January can be so bleak and dreary and one way to combat the winter blues is to have people over for dinner or for game days. I like to serve appetizers whenever I entertain and this stuffed mushroom recipe is one of my favorites. It is adapted from a recipe my mother got from a friend when we lived in New Jersey. We sometimes make these to go with the antipasto for Easter, typical Italian-American fare. You can change it up a bit by adding bell or spicy peppers, some greens, a bit of mascarpone, prosciutto, bacon, shallots, basil, or parsley.
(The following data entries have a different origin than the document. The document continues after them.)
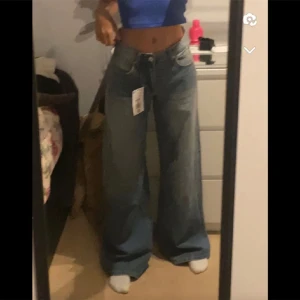 Jeans från Bershka - Blåa jeans i nyskick. Helt oanvända. Bilderna är lånade från förra säljaren! Färgen är mer blå irl. Skriv om du har frågor eller vill ha fler bilder. Köparen står för frakt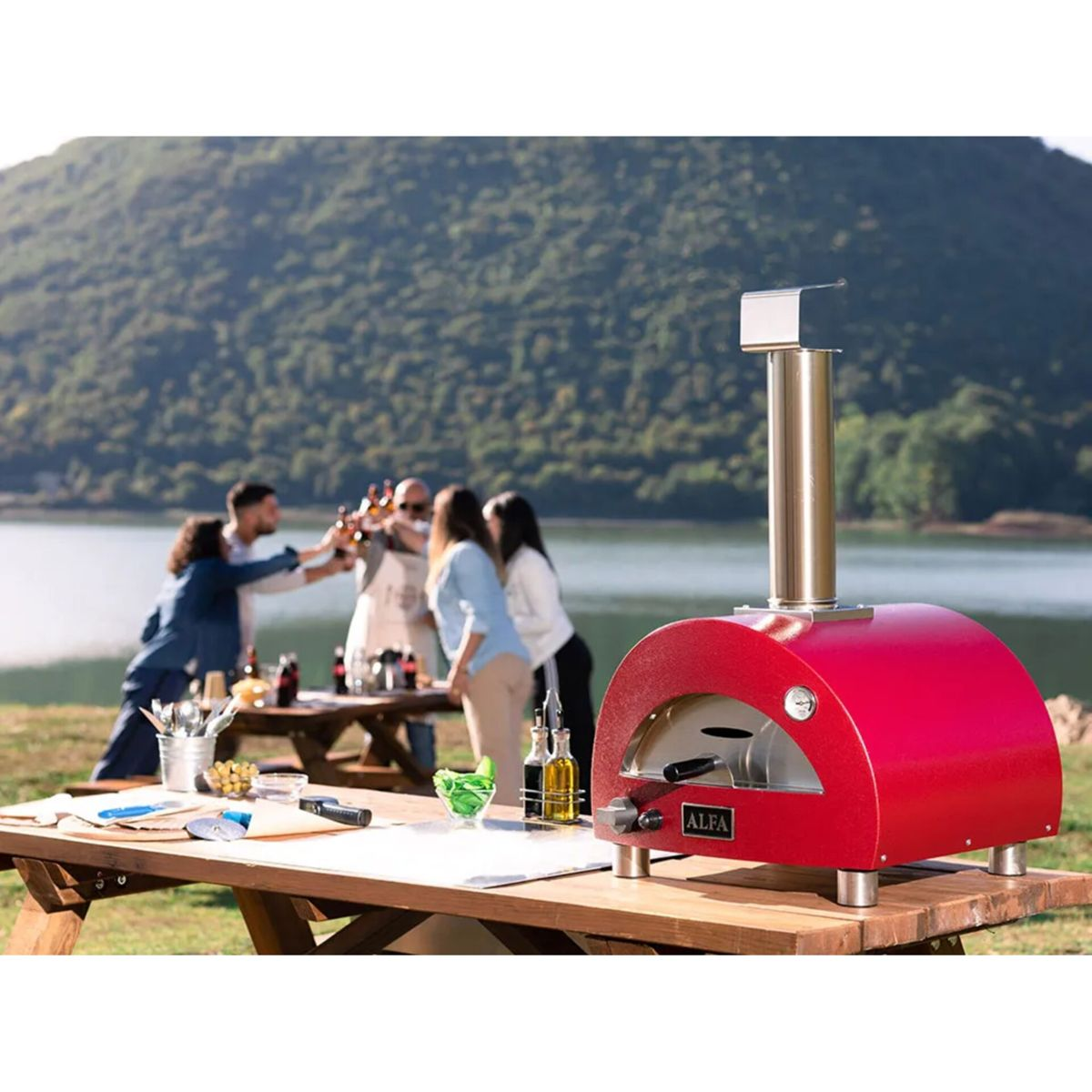 Rote Pizzaofen auf einem Holztisch im Freien, Leute stoßen an, See und Hügel im Hintergrund.
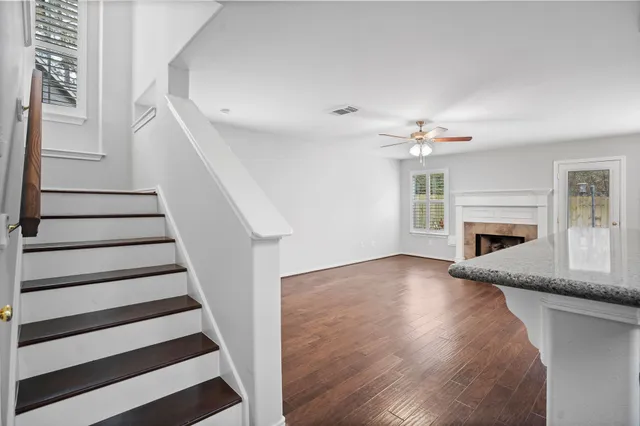 a view of a livingroom with wooden floor and a fireplace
It does take some time to prepare, about an hour and a half, but you can do the filling one day then fill the mushrooms the next if you need to. They freeze well. I have found that if you pulse the filling ingredients in a food processor it becomes more like a paste and easier to fill the mushrooms, so the filling stays inside the cap.
Italian Sausage-Stuffed Mushrooms
2 (24 oz.) pkgs. baby Portobello mushrooms (48 for stuffing, the remaining for the filling)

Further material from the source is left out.